Bei den nach dem 1. August 2014 abgeschlossenen Verträgen ist zu ermitteln, ob es sich bei der zu exportierenden Ware um ein gelistetes „Dual-Use-Gut“ handelt. In diesem Fall besteht ein Lieferverbot nach Russland für solche Güter, die für eine militärische Verwendung bestimmt sind oder bestimmt sein könnten. Im Zweifel ist eine Voranfrage beim Bundesamt für Wirtschaft und Ausfuhrkontrolle (BAFA) zu stellen bzw. eine Genehmigung einzuholen. Sofern die militärische Verwendung des jeweiligen Dual-Use-Guts ausgeschlossen ist, verbleibt es bei der allgemeinen Genehmigungspflicht. Gegenüber der BAFA ist unter ausführlicher Beschreibung des Tätigkeitsprofils möglichst umfassend darzulegen, wer der Endverwender der Ware sein soll und was der Nutzungszweck im Einzelfall ist.

Aber auch bei den nichtgelisteten Dual-Use-Gütern obliegt dem Ausführer eigene Prüfungs- und ggf. Antragspflicht, sofern Anhaltspunkte oder gar Kenntnis von der (möglichen) Verwendung der Ware im militärischen Bereich vorliegen.

Können bestehende Verträge nicht erfüllt werden, muss je nach Einzelfall geprüft werden, ob die Nichterfüllung von vertraglichen Verpflichtungen (z.B. Nichtlieferung der Ware) aufgrund der bestehenden Sanktionen unter „höhere Gewalt“ fällt. Während die Sanktionen und die damit zusammenhängenden Exportverbote in der EU grundsätzlich als höhere Gewalt eingestuft werden, werden sie in Russland nicht anerkannt.
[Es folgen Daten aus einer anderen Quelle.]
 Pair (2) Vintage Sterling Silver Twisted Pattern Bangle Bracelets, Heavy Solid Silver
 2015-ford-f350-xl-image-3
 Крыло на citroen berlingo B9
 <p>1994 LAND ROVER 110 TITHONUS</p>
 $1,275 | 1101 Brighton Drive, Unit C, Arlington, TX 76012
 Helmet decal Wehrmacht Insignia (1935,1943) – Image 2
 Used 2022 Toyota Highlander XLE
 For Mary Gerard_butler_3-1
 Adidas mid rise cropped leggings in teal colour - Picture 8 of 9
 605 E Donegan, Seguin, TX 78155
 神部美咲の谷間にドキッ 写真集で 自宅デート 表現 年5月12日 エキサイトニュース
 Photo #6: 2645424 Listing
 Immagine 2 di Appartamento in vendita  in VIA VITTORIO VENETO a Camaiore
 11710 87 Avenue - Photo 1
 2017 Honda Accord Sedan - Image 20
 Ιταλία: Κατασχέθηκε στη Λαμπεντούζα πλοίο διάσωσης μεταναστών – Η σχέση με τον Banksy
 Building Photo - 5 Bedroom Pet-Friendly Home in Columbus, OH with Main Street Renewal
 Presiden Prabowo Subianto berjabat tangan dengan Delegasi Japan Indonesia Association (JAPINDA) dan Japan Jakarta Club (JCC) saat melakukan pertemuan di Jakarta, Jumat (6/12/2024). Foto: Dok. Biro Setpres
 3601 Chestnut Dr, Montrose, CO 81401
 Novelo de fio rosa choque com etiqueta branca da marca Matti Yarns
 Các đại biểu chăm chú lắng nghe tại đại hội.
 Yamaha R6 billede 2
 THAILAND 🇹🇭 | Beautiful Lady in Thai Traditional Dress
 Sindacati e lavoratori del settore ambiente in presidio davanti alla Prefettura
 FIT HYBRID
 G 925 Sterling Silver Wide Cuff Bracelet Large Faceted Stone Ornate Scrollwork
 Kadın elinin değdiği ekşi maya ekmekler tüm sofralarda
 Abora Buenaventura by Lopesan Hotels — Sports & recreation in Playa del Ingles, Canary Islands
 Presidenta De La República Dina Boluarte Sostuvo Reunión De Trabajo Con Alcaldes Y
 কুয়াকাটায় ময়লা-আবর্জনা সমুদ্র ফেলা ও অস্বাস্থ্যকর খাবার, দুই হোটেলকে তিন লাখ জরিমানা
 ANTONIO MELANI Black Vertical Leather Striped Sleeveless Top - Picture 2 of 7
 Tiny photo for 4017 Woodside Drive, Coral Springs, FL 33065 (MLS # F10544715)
Bei Geltung des russischen Rechts bzw. der Zuständigkeit der russischen Gerichte kann daher die Befreiung von den Vertragsverpflichtungen ggf. nicht beansprucht werden. Daran schließt sich die Frage an, ob gegen die europäischen Unternehmen Schadensersatzforderungen geltend gemacht werden können bzw. ob die europäischen Unternehmen Schadensersatz wegen der russischen Gegensanktionen gegen den russischen Vertragspartner geltend machen können.

Zu empfehlen ist daher die Überprüfung der bestehenden Vertragsverhältnisse hinsichtlich möglicher Risiken in Zusammenhang mit Kündigungs- und Rücktrittsrechten, Haftungsbegrenzungen und insbesondere der Force-Majeure-Klauseln sowie entsprechende „sanktionsfeste“ Gestaltung der künftigen Verträge.